### Input for this task
※

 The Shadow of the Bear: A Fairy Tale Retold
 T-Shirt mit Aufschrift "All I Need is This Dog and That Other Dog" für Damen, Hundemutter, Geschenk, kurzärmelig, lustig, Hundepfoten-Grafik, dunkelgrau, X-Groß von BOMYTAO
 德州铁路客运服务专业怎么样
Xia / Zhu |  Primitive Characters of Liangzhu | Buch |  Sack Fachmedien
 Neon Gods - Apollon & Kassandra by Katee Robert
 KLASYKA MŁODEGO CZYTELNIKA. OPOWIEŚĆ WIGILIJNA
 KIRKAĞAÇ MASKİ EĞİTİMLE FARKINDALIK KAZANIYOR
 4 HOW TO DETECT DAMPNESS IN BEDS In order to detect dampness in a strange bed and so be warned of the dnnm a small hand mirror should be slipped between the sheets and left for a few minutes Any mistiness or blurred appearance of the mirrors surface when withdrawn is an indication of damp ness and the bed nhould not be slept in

※

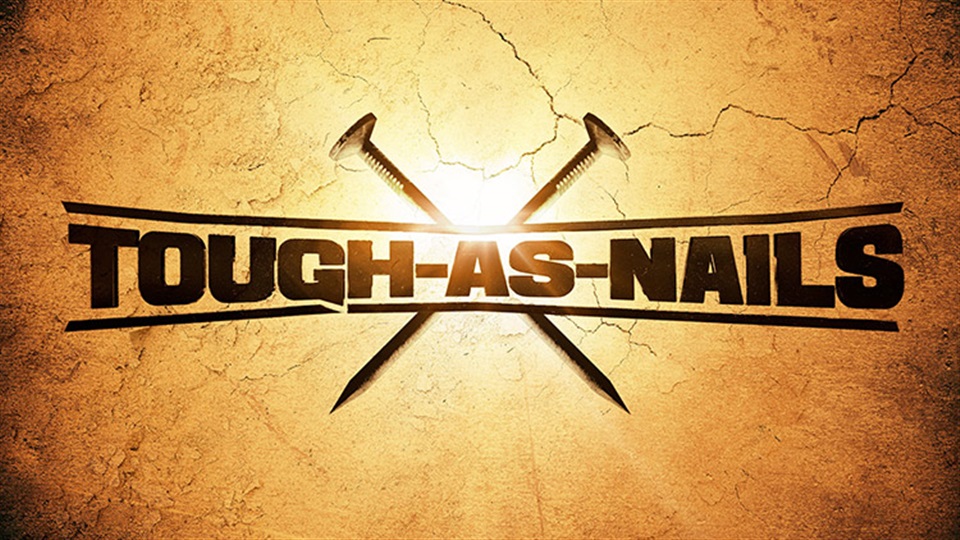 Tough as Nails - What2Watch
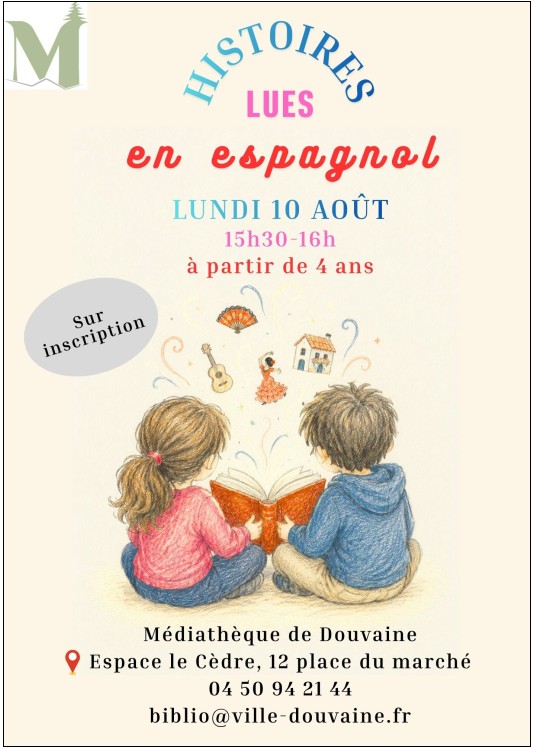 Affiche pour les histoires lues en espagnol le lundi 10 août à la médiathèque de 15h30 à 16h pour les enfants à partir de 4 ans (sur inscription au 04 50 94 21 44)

※

### What you will do
Repeat exactly the lines of the listing above, from the one with "The Shadow of the Bear: A Fairy Tale Retold" down to the one with "4 HOW TO DETECT"; both of those lines belong in the range.

### Your solution
 The Shadow of the Bear: A Fairy Tale Retold
 T-Shirt mit Aufschrift "All I Need is This Dog and That Other Dog" für Damen, Hundemutter, Geschenk, kurzärmelig, lustig, Hundepfoten-Grafik, dunkelgrau, X-Groß von BOMYTAO
 德州铁路客运服务专业怎么样
Xia / Zhu |  Primitive Characters of Liangzhu | Buch |  Sack Fachmedien
 Neon Gods - Apollon & Kassandra by Katee Robert
 KLASYKA MŁODEGO CZYTELNIKA. OPOWIEŚĆ WIGILIJNA
 KIRKAĞAÇ MASKİ EĞİTİMLE FARKINDALIK KAZANIYOR
 4 HOW TO DETECT DAMPNESS IN BEDS In order to detect dampness in a strange bed and so be warned of the dnnm a small hand mirror should be slipped between the sheets and left for a few minutes Any mistiness or blurred appearance of the mirrors surface when withdrawn is an indication of damp ness and the bed nhould not be slept in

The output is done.